NATURAL LAW UNDER UNIVERSAL STANDING CONSTITUTES A COMPETITIVE GOVERNMENT – WITHOUT THE NEED FOR POLYLOGISM
(reposted from elsewhere for archival purposes)
As far as I know, natural law, like physical law is a monopoly – in other words, there is only one ‘true’ law that we must discover.
So I would prefer rule of law, just as I prefer scientists to not create pseudoscience (pseudo physical law), i prefer judges not to create pseudo moral science ( pseudo-natural-law.)
With an independent judiciary, universal standing (everyone has the right to sue in matters of commons), and rule of law (every individual is subject to the same natural law without exception), I do not see how that is not competition.

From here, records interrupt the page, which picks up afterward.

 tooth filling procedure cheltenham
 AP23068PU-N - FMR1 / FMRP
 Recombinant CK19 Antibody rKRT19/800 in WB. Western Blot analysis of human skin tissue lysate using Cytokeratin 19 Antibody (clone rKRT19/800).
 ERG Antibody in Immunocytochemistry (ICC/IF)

Competition in the market for truth.
Conversely, a polylegal / polylogical system is undecidable, and if not identical, then at least one of the options consists of pseudo-science, if not error, bias, wishful thinking, or deceit.
Furthermore, the more competition under the single law the ‘harder’ it becomes (more empirically falsified).

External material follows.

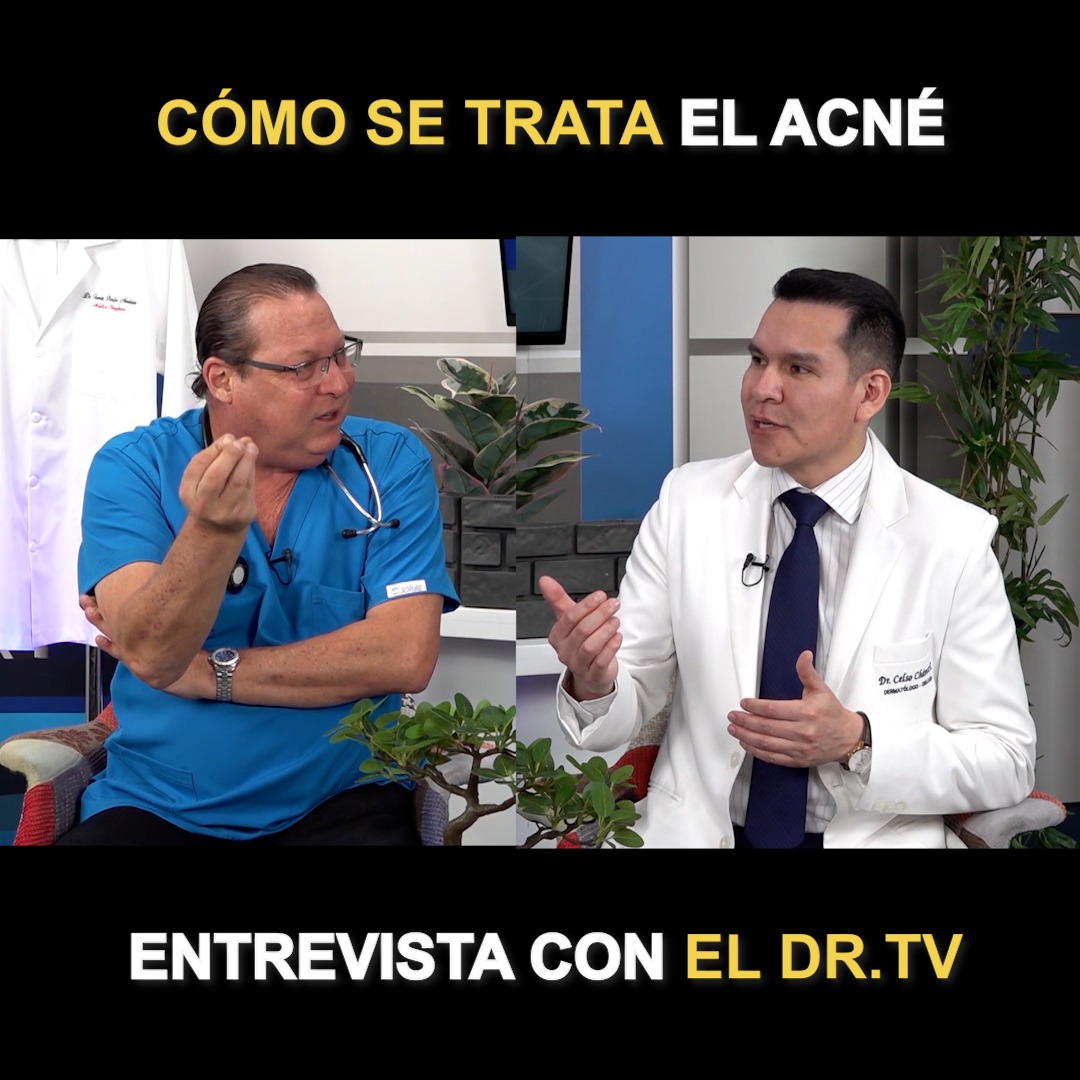 Acné Clínica Trigoso Facebook ad: Cómo Curar el Acné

I would prefer a market for the production of commons, consisting of different houses representing different interests, consisting of members chosen by lot, deciding on the preferability of submitted proposals. And that any contract acceptable, strictly constructed, that survives legal scrutiny (criticism) is possible. (ie: dissent rather than assent). The question is only how budget is allocated between the houses. The choices are rather obvious. Precisely because the lower classes have behavior to trade and the upper classes money. (which is the whole issue here).
Under this structure one can be barred from using a commons he does not wish to pay for.
There are a host of reasons behind this construction but I’m not going to list all of them right now.
And the subject is very deep. And I don’t have time to get into it right now (My product is taking all my time.)